"Myślę, że to zwycięskie ugrupowanie, Prawo i Sprawiedliwość, podejmie próbę tworzenia rządu. I wszystko jest możliwe, bo polityka jest dziedziną dynamiczną" - powiedział w radiowej Jedynce senator PiS Stanisław Karczewski.
Senator Prawa i Sprawiedliwości Stanisław Karczewski był gościem "Sygnałów Dnia" w radiowej Jedynce. Zapytany został o możliwą decyzję prezydenta Andrzeja Dudy dotyczącej powierzenia misji stworzenia rządu. Prezydent odbył już konsultacje z przedstawicielami komitetów. Jaką decyzję podejmie?
- Myślę, że wybierze jednak pana premiera Mateusza Morawieckiego. Zawsze było tak, że zwycięskie ugrupowanie (tworzyło rząd), a my wygraliśmy wybory. Uzyskaliśmy najwięcej głosów i posłów - powiedział Stanisław Karczewski.
Myślę, że to zwycięskie ugrupowanie, Prawo i Sprawiedliwość, podejmie próbę tworzenia rządu. I wszystko jest możliwe, bo polityka jest dziedziną dynamiczną. Taka próba powinna być podjęta.
Pytany, czy podjęta była próba rozmów koalicyjnych, na przykład z PSL, Karczewski odpowiedział: - Polityka jest dziedziną gry. Została rozłożona szachownica i w tej chwili będziemy grali. Zawsze są rozmowy prowadzone, takie kontakty z politykami opcji przeciwnych.
One się odbywają, odbywały i będą w przyszłości odbywać. To coś normalnego w polityce
Senator Karczewski zapytany został też przez Katarzynę Gójską, jak przyjmuje zapowiedzi opozycji o skracaniu kadencji uchwałami czy wycofywanie się z rozwiązań, jakie wprowadziło przez lata rządów Prawo i Sprawiedliwość.
- Z przerażeniem. To by znaczyło, że my będziemy chodzić z Konstytucją i będziemy krzyczeć "Konstytucja". Jeżeli będziemy opozycją, to nie będziemy opozycją totalną, ale nie wyobrażam sobie działań, które by łamały Konstytucję - stwierdził polityk PiS, dodając, że "podgrzewanie emocji nie może funkcjonować w naszym życiu".
Jak dodał - jeżeli to opozycja przejmie władzę, to będzie "koalicja jedenastu podmiotów politycznych", a w sytuacjach kryzysowych mogą odezwać się ambicje tych podmiotów.

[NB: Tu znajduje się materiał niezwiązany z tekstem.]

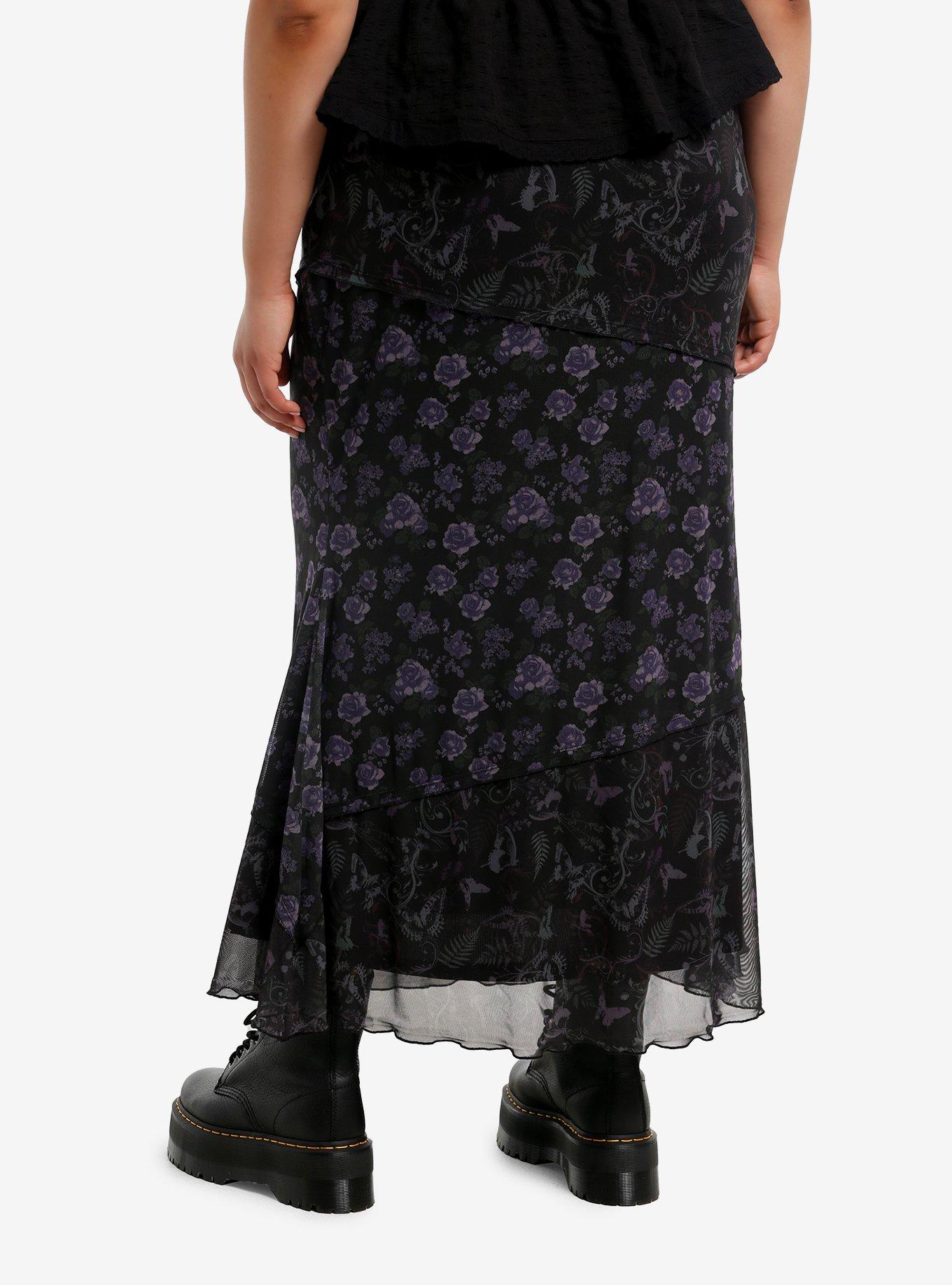 Thorn & Fable Purple Floral Midaxi Skirt Plus Size, , hi-res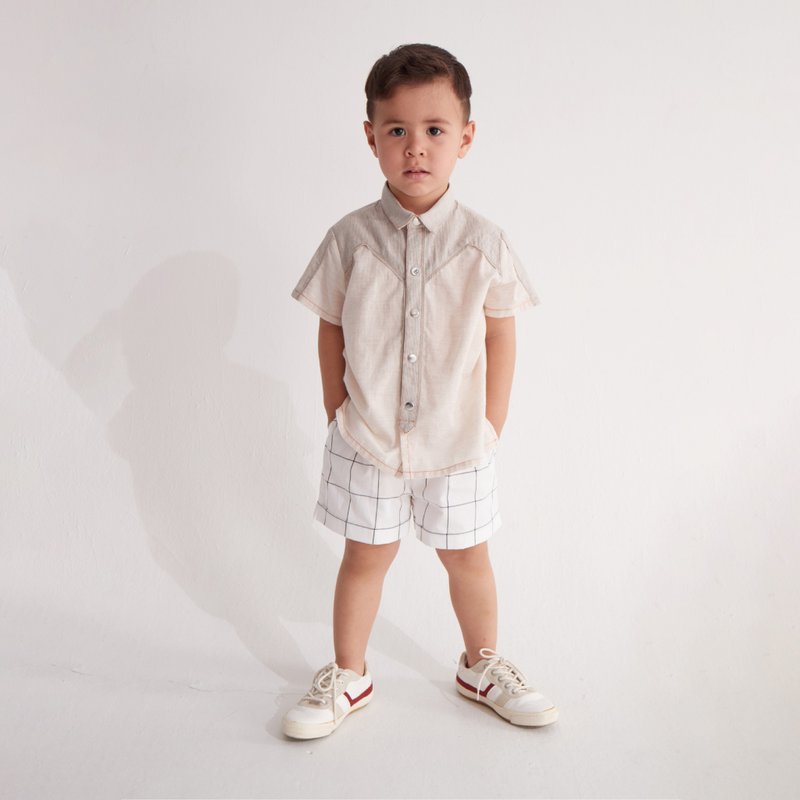 West cowboy拼色衬衫(卡其/粉蓝) - 童装上衣 - 棉．麻 卡其色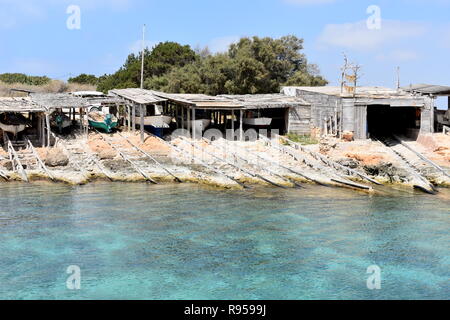 Fischer's Boat Schuppen, Es Calo, Formentera, Balearen, Spanien Stockfoto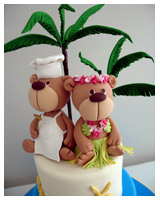 Hawaiian theme couple engagement novelty cake
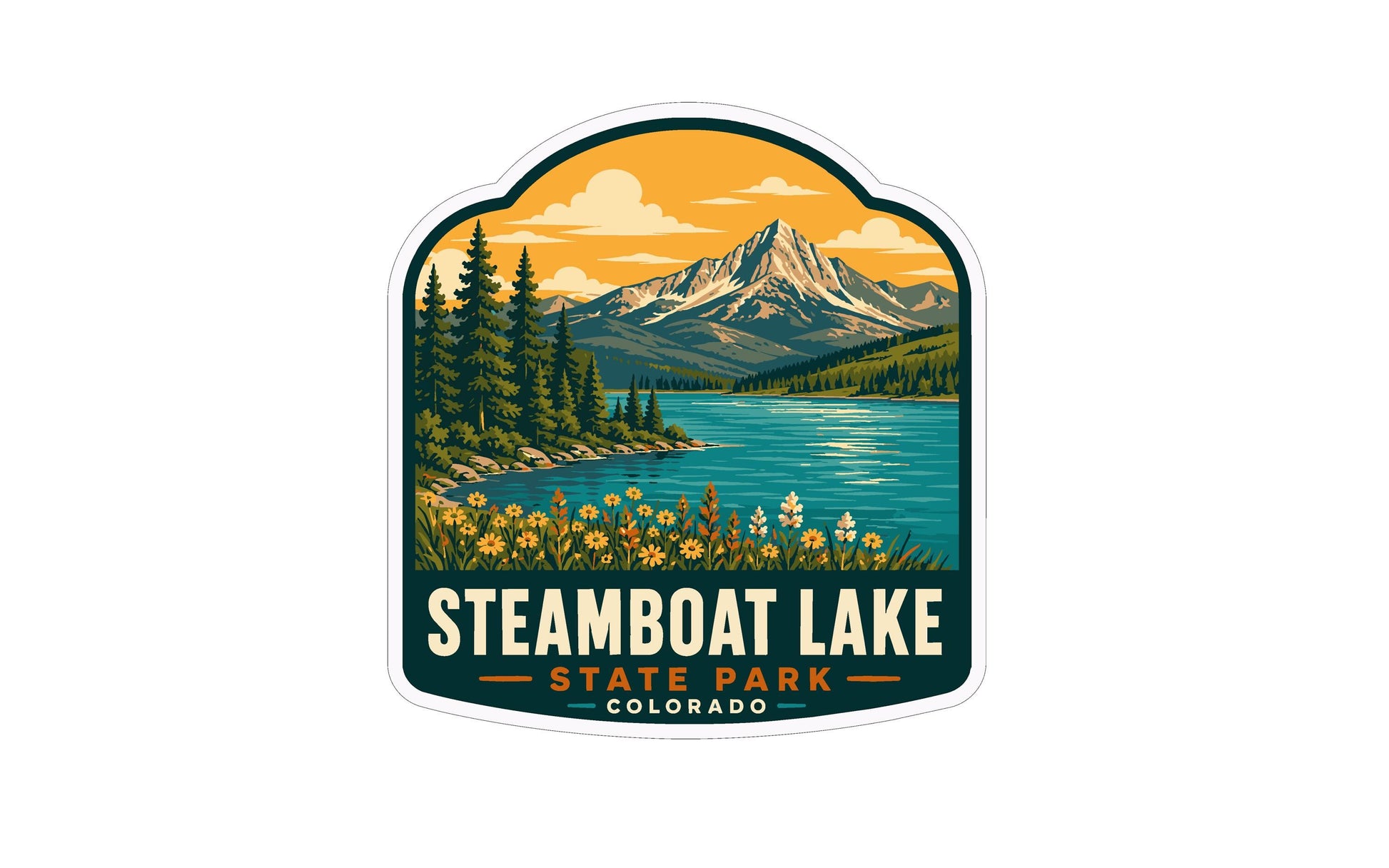 A sticker or emblem featuring a scenic landscape with mountains, a lake, and pine trees, along with the text "Steamboat Lake State Park, Colorado".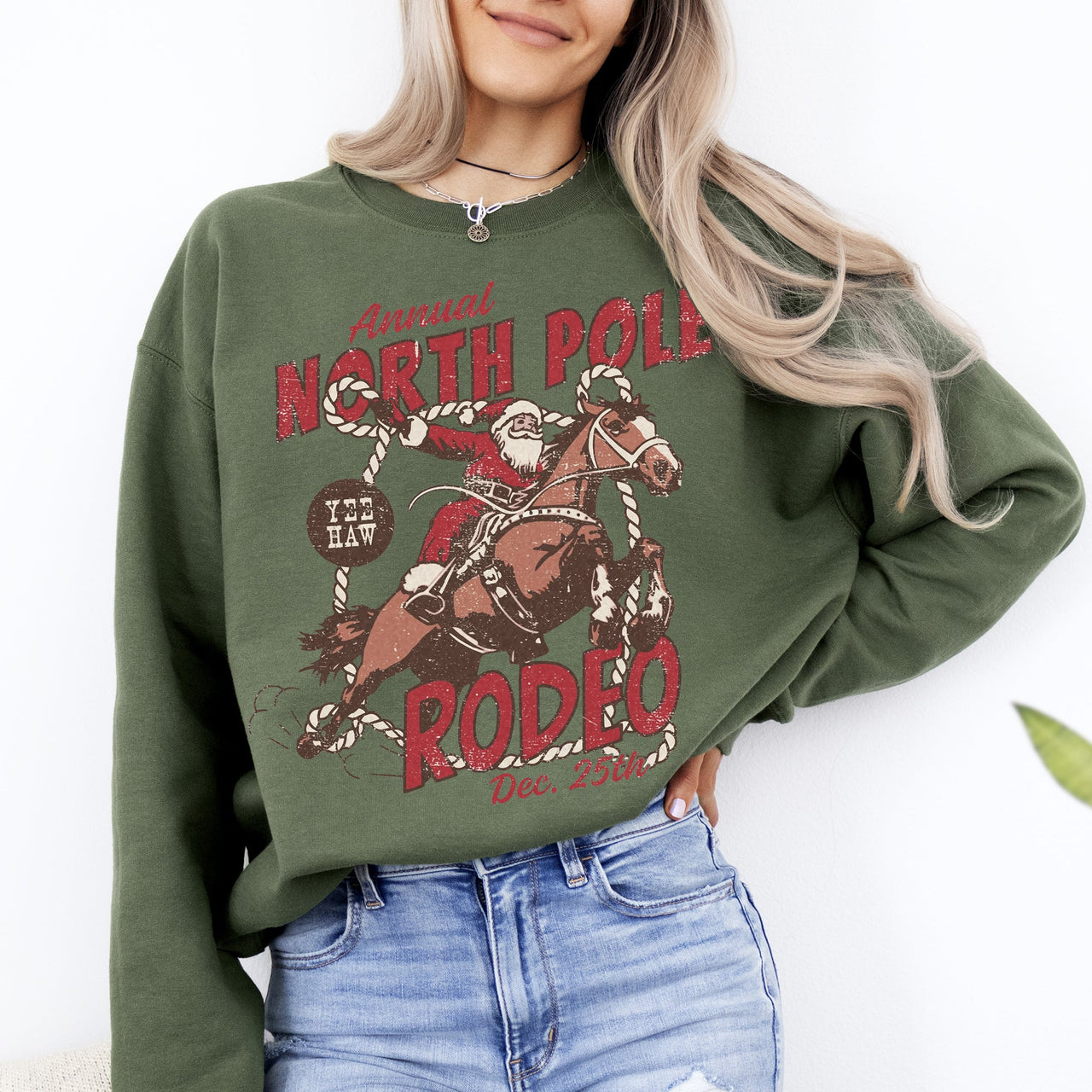 North Pole Rode Santa Christmas Western Cowboy Yee Haw Horse Holiday Theme Sweatshirt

Odnośnie kandydata tej koalicji na premiera, Karczewski przyznał: - Donald Tusk ma wyraźny plan, to plan, który polega na dwóch zadaniach: pierwszy to migranci, a drugi akceptacja zmian w traktatach. Niemieccy komentatorzy sceny politycznej przypominają Tuskowi jakie ma zadanie. Takie są spekulacje, że wróci do UE na ważną funkcję, zobaczymy czy tak będzie.